Julius se leva péniblement, aidé par Spiros en lui prenant la main. Jamais de sa vie il ne s’était senti aussi épuisé. Son dernier repos remontait juste avant le début des hostilités et n’avait duré que trois heures en tout. Spiros décréta qu’il serait plus judicieux qu’il l’accompagne au cas où il s’effondrerait avant d’atteindre son lit. Ils quittèrent le vestiaire et se dirigèrent tous les deux vers le dortoir des agents.
— Tu vas revenir sur Jéricho ? demanda-t-il à Spiros.

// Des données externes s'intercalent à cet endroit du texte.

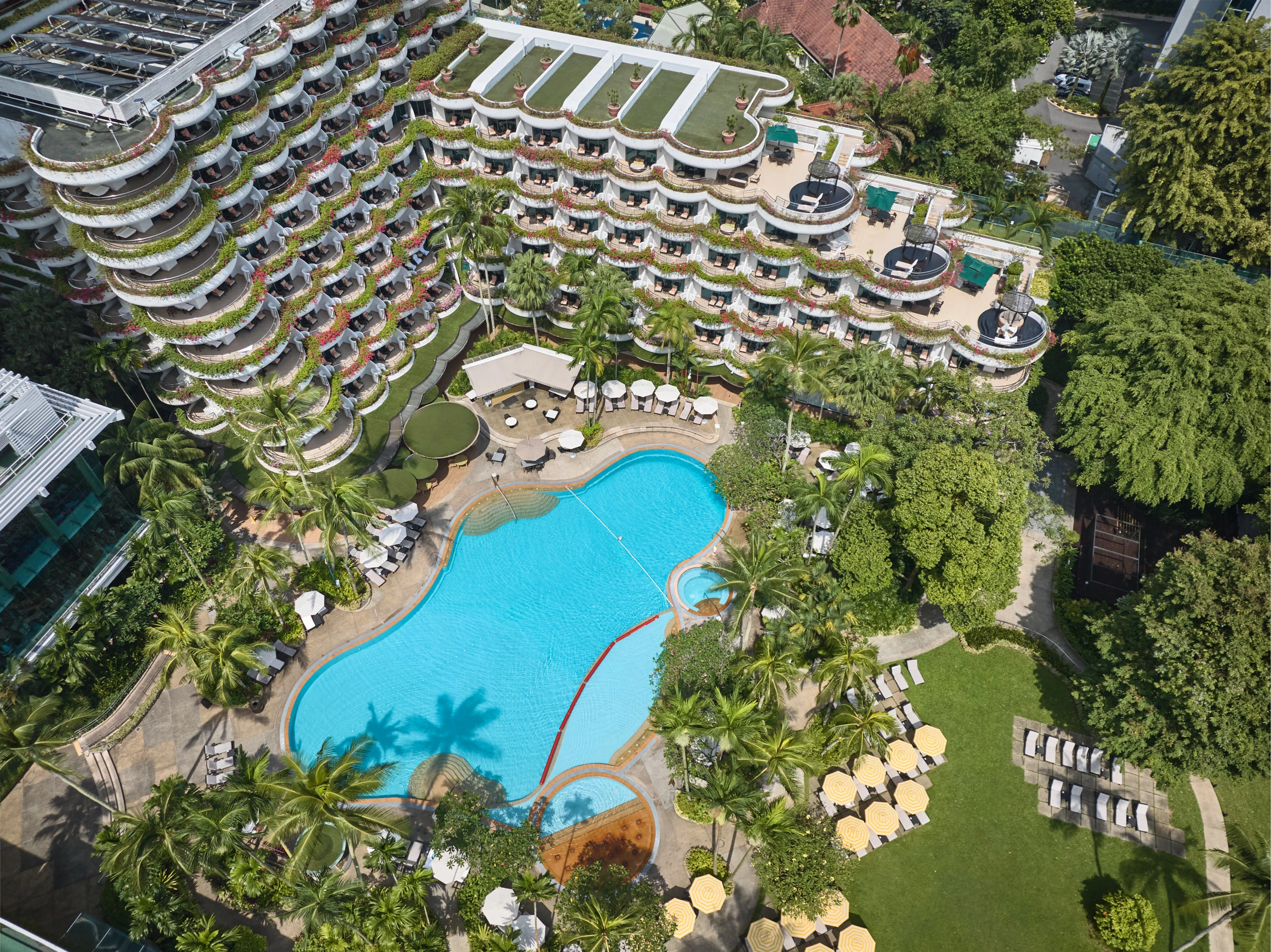 Aerial view of Shangri-La Hotel Garden Wing pool and tropical gardens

— Je ne sais pas, répondit celui-ci. Je pense que je devrais y retourner, l’équipe d’observation n’est désormais plus protégée. Mais j’ignore comment je vais y aller, j’ai traversé la moitié du système à bord d’un chasseur modifié qui aurait pu me sauter à la figure. Et en plus, je l’ai salement esquinté pendant que je cherchais à éviter l’ennemi.

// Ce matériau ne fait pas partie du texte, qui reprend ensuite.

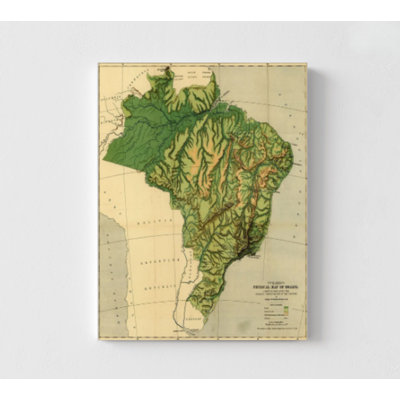 Physical Map Of Brazil-The Amazon And Its Tributaries 1886, Antique Amazon Map, Map Of Brazilian Wall Art, Amazon Artwork Poster Print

— Nous n’avons pas beaucoup de véhicules, fit remarquer Julius. Tu devrais prendre soin des outils que l’on te donne.
— Je sais, j’ai juste fait une mauvaise manœuvre, ça arrive à tout le monde !
— J’espère que tu n’auras pas un blâme pour ça. Les officiers supérieurs sont sur les nerfs en ce moment.
— Le commandant Bekker va me convoquer pour faire mon rapport. Je devrais commencer à le rédiger…
Lorsqu’ils entrèrent dans le dortoir, Julius se mit directement dans sa cabine. Ces compartiments étaient des chambres miniatures de 1,60 m de haut pour 4 m de long. Un lit était placé dedans, ainsi qu’un placard et un mini-bureau équipé d’un écran pouvant être relié à un Holocom. Bien que l’espace fût très restreint, tout était parfaitement agencé et fonctionnel.
Julius s’endormit sans demander son reste tandis que Spiros se posa à sa table pour rédiger son rapport, chose qu'il exécrait par-dessus tout. Il préféra cependant tout mettre par écrit afin de ne pas être pris au dépourvu lorsqu’il serait convoqué dans le bureau de Bekker.
Alors qu’il venait de taper le premier paragraphe, il reçut un message sur son Holocom, l’invitant à se rendre dans l’étage de l’état-major.
Bon sang ! Déjà ?
Sans cacher son agacement, il enregistra le début de son rapport, éteignit son écran et sortit de sa cabine. Julius en faisait de même.
— Tu as été convoqué, toi aussi ? lui demanda Spiros.
— En effet, répondit-il en se frottant les yeux. Le monde entier ne veut pas que je me repose…
— Je peux leur dire que tu n’es pas en état, ils comprendront…
— Ça va aller, merci. J’ai pu dormir vingt minutes.